Como estratégia para elevar a audiência, o negócio da TV Brasil com a Record exprime mais fé do que pragmatismo. Trata-se de uma novela já muito exibida num período recente, o que desaconselharia uma nova reprise neste momento.

Do ponto de vista dos negócios, é impossível não pensar que se trata de uma forma de apoio do governo a uma emissora que tem se mostrado uma aliada fiel.

O mais grave, na minha opinião, é quanto a exibição de uma novela bíblica entra em choque com o que se espera de uma TV pública.

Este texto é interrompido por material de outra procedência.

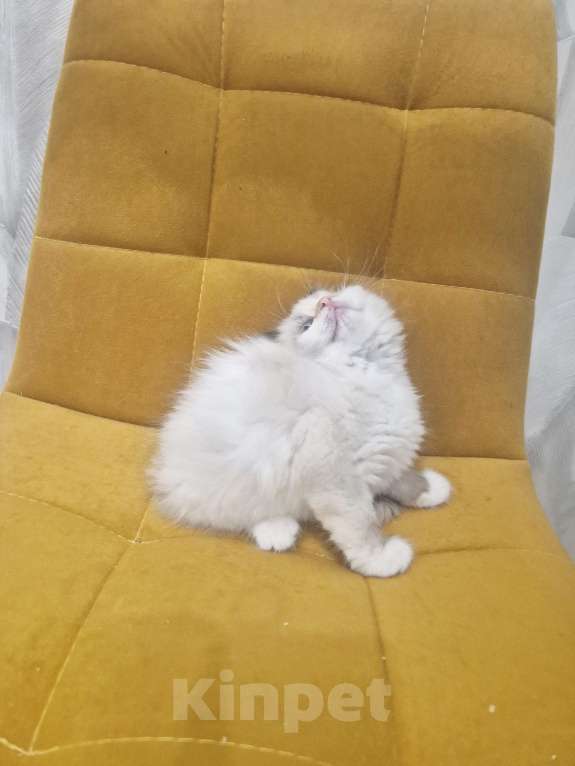 Кошки в Москве: Самый обаятельный котик Рэгдолл  Мальчик, 50 000 руб. - фото 5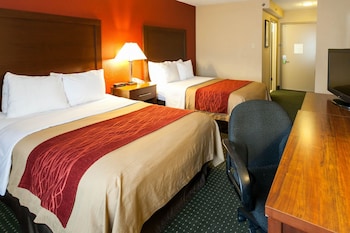 Standard Room, 2 Double Beds, Non Smoking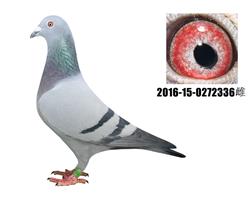 ĸ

Assim como o Estado brasileiro é laico, a programação da TV Brasil deveria ser sempre de interesse geral, sem privilegiar os fiéis de uma ou outra religião.

A EBC, por meio de sua gerência de relações institucionais, não concorda. “A novela ‘Os Dez Mandamentos’ não faz referência à religião. Ela é baseada numa história bíblica”, diz.

E acrescenta: “A empresa reitera seu compromisso com os princípios legais norteadores da radiodifusão pública brasileira, inclusive a não discriminação religiosa, assegurando obras com finalidades educativas, artísticas, culturais, científicas e informativas buscando maior atenção e competividade na busca do interesse do maior número de telespectadores”.

Em setembro de 2020, três meses após assumir o comando do Ministério das Comunicações, Fabio Faria (PSD-RN) negou, em entrevista ao UOL, que o governo tivesse a intenção de privatizar a EBC.

“A EBC, diferentemente dos Correios, é deficitária. Provavelmente, se a gente abrir um processo de privatização da EBC, seria um deserto. É uma empresa que se fosse privada daria mais de R$ 500 milhões de prejuízo”, disse

Agora em março de 2021, três semanas antes da estreia de “Os Dez Mandamentos” na TV Brasil, o governo aprovou a inclusão da Eletrobras e da EBC no Plano Nacional de Desestatização.